What you are asked to do | A picture-free, exact copy of all the records below is the goal.

--- Supplied records Enclosed Below ---

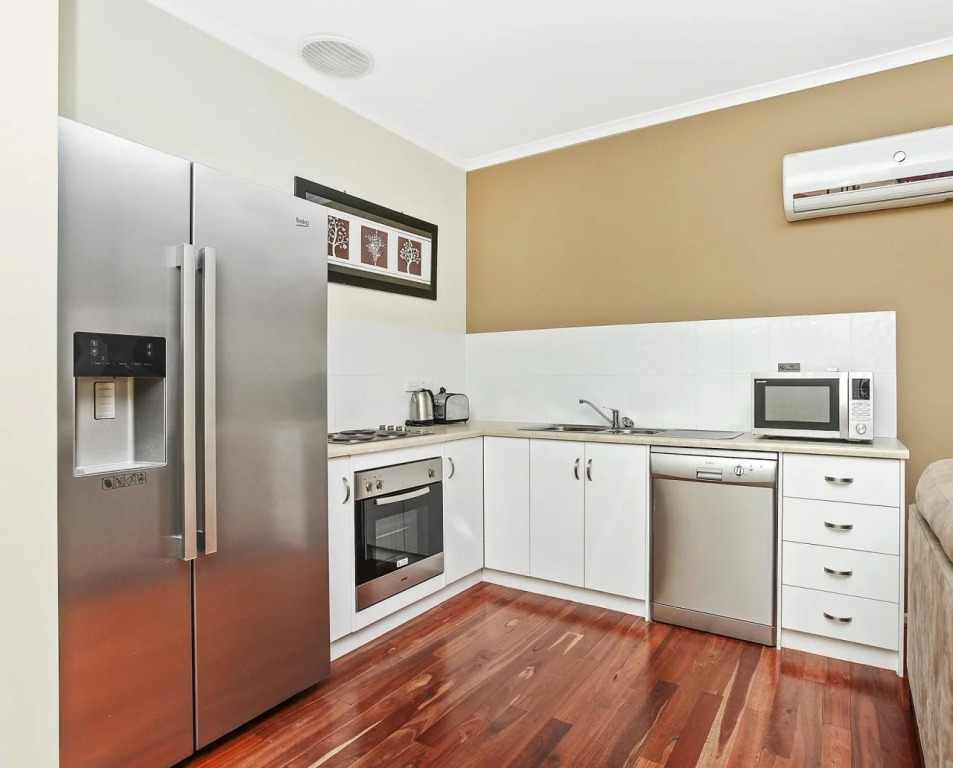 McLaren Vale Studio Apartments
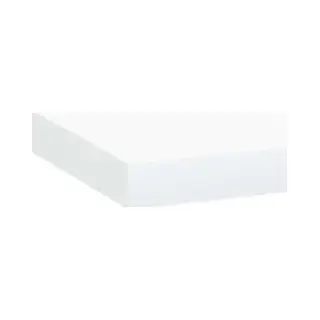 Bücherregal-bretter 4 Stk. Weiß 40x10x1, 5 Cm Holzwerkstoff Vidaxl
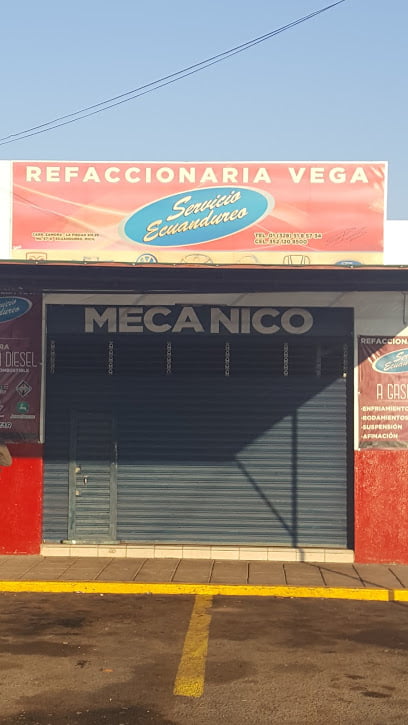 Refaccionaria Vega multiserviciosfoto 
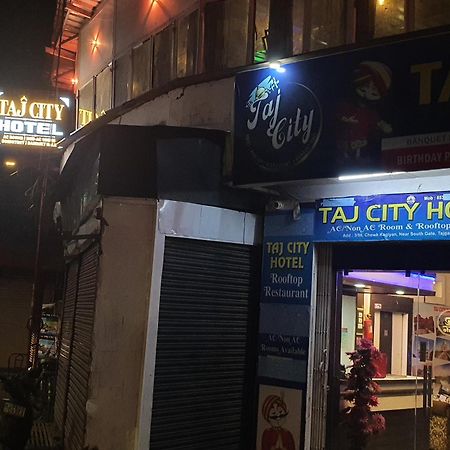 Taj City Hotel 아그라 외부 사진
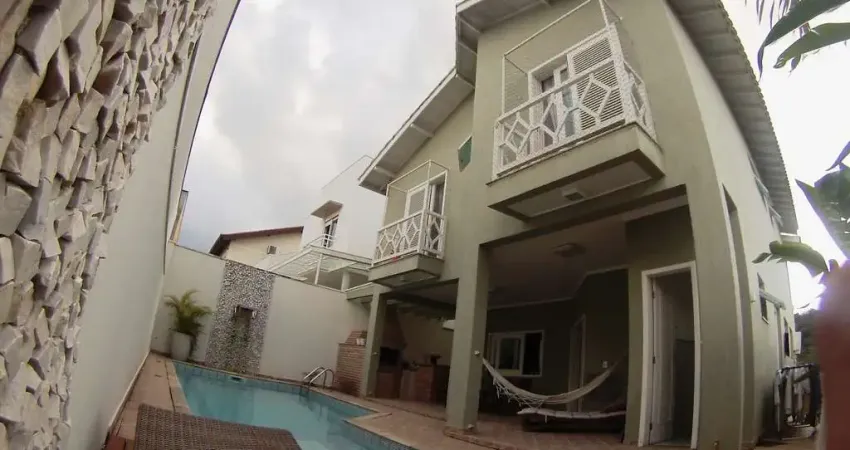 Casa em condomínio fechado com 4 quartos à venda na Rua Coronel Cardoso de Siqueira, 3232, Real Park, Mogi das Cruzes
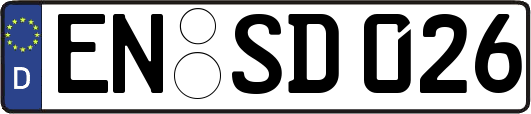 EN-SD026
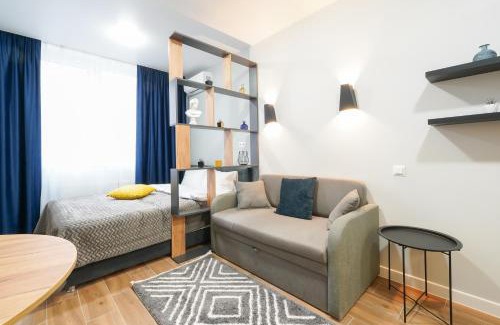 Obolons'kyi District Apartment | Апартаменти MYFREEDOM ЖК Навігатор, р-н Куренівки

--- End of Enclosed Supplied records ---

Result for this exercise |
 McLaren Vale Studio Apartments
 Bücherregal-bretter 4 Stk. Weiß 40x10x1, 5 Cm Holzwerkstoff Vidaxl
 Refaccionaria Vega multiserviciosfoto 
 Taj City Hotel 아그라 외부 사진
 Casa em condomínio fechado com 4 quartos à venda na Rua Coronel Cardoso de Siqueira, 3232, Real Park, Mogi das Cruzes
 EN-SD026
 Obolons'kyi District Apartment | Апартаменти MYFREEDOM ЖК Навігатор, р-н Куренівки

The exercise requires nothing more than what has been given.